Archivi digitali, archeologia digitale. In questo universo fatto d’immagini, le contaminazioni e le ibridazioni avvengono attraverso vari stati dell’immagine stessa, dalle fotografie cartacee, al digitale, ai cloud, ai big data usati a scopo predittivo e ricostruttivo. A livello comportamentale fotografare è divenuto un semplice gesto parte di una ritualità personale che tuttavia si fa collettiva. Questo assunto traspare molto bene dal mio lavoro Il Cielo Stellato, dove attraverso una open call ho raccolto migliaia di fotografie di un stesso oggetto destinato alla distruzione. Quelle fotografie nel loro insieme possono ricostruire digitalmente, attraverso la tecnica della fotogrammetria, ciò che non è più visibile.

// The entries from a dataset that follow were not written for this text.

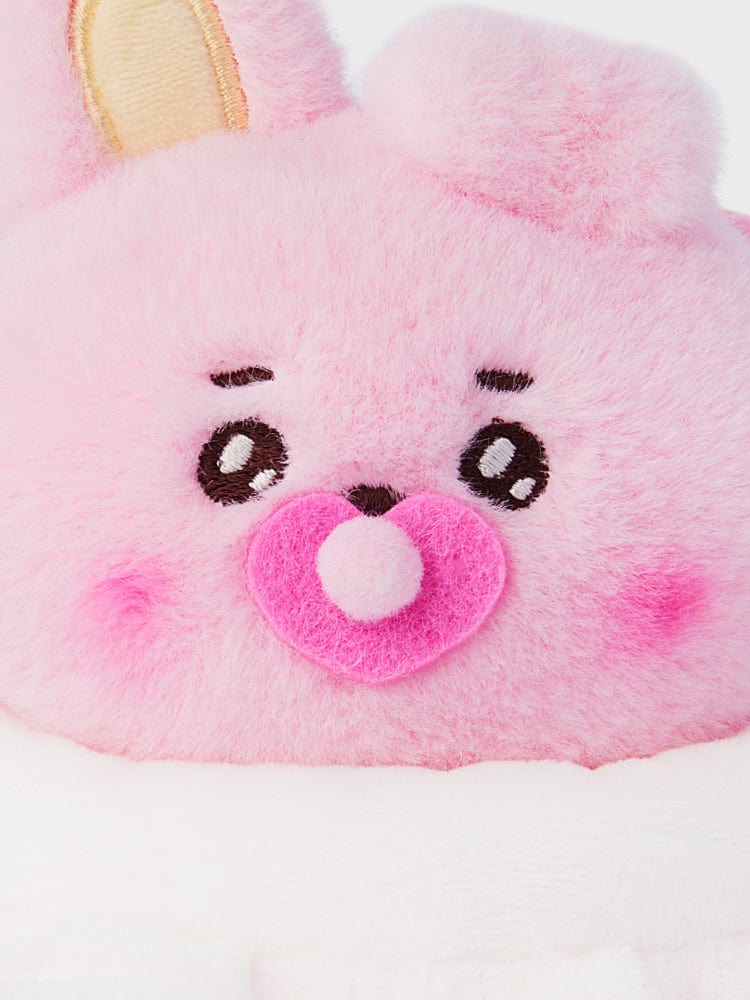 BT21 COOKY NEWBORN BABY PLUSH LINE FRIENDS : peluche bébé lapin rose, gros plan sur le visage mignon et cœur violet.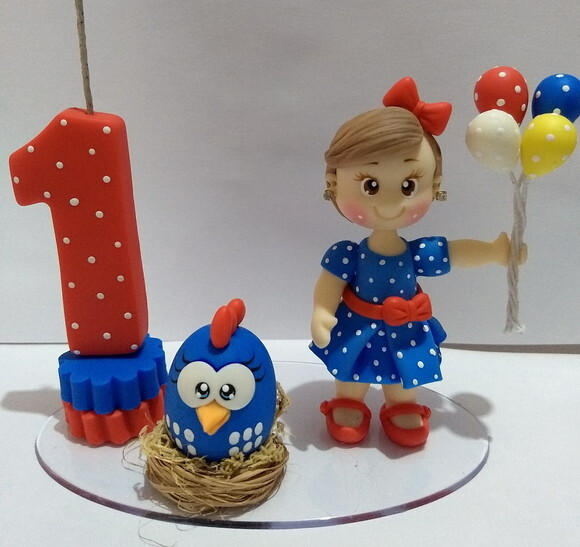Topo de bolo galinha pintadinha em biscuit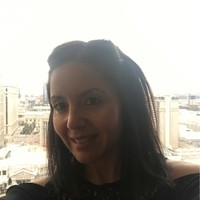 Lara Farrell
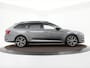 Skoda Superb Combi 1.4 TSI iV 218pk DSG Sportline Business · Panoramadak · 360 Camera · Inklap. Trekhaak · Matrix LED · Canton Audio · Elek. Stoelen + Geheugen ·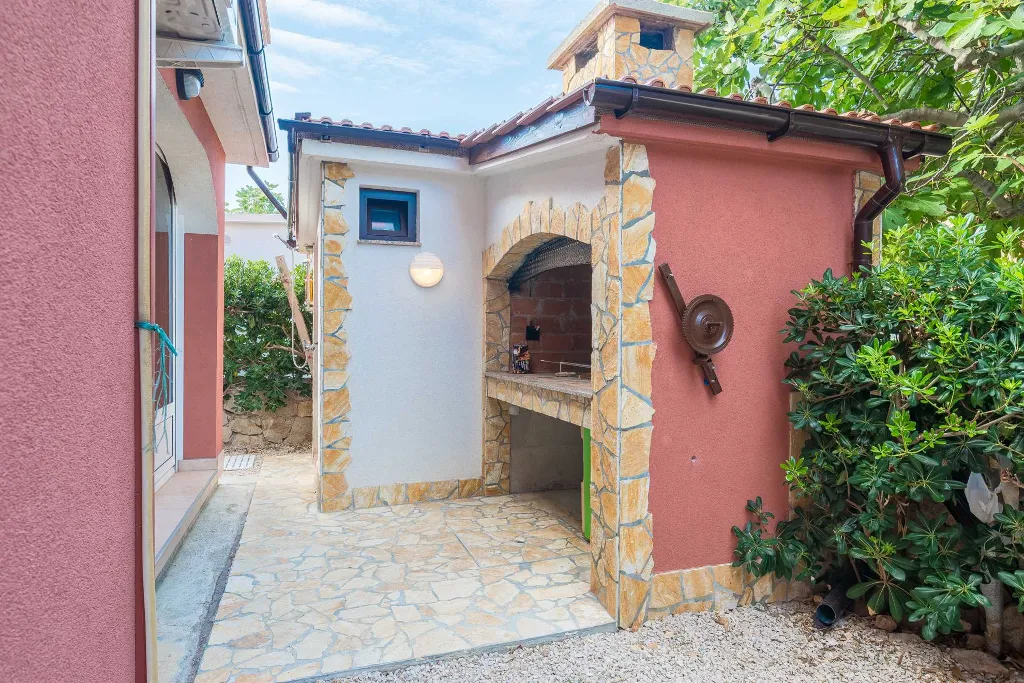 Apartment in Vir for 4–5 Guests with Air Conditioning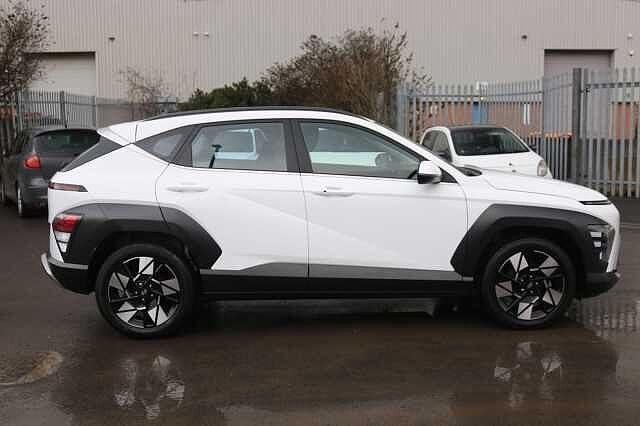 Hyundai KONA 1.6 GDi Hybrid Advance 5dr DCT White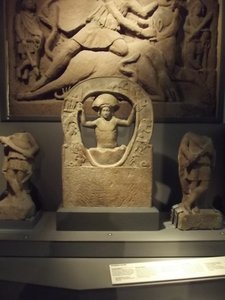La naissance de Mithra du Mithraeum à Housesteads, 3ème siècle après J.-C.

La fotogrammetria di questo tipo è usata in campo archeologico, ma è una tecnica di origine in primis militare, quando Oskar Messter – durante la prima guerra mondiale – mise un fucile un stereoscopico sotto la pancia di un aereo per fare i rilevamenti tridimensionali del territorio nemico. Con la stessa tecnica, ma in modo molto più preciso e sofisticato, con i droni è possibile e ricostruire tridimensionalmente l’intera morfologia che ci circonda, incluse città e boschi. Durante gli studi su Palmyra questa intuizione è emersa con tutta la sua forza, in quanto la comunità archeologica internazionale ha raccolto milioni di fotografie scattate anche dai turisti, per mappare e ricostruire l’intero sito archeologico. Nel 2016 una parte è stata ristampata in 3D.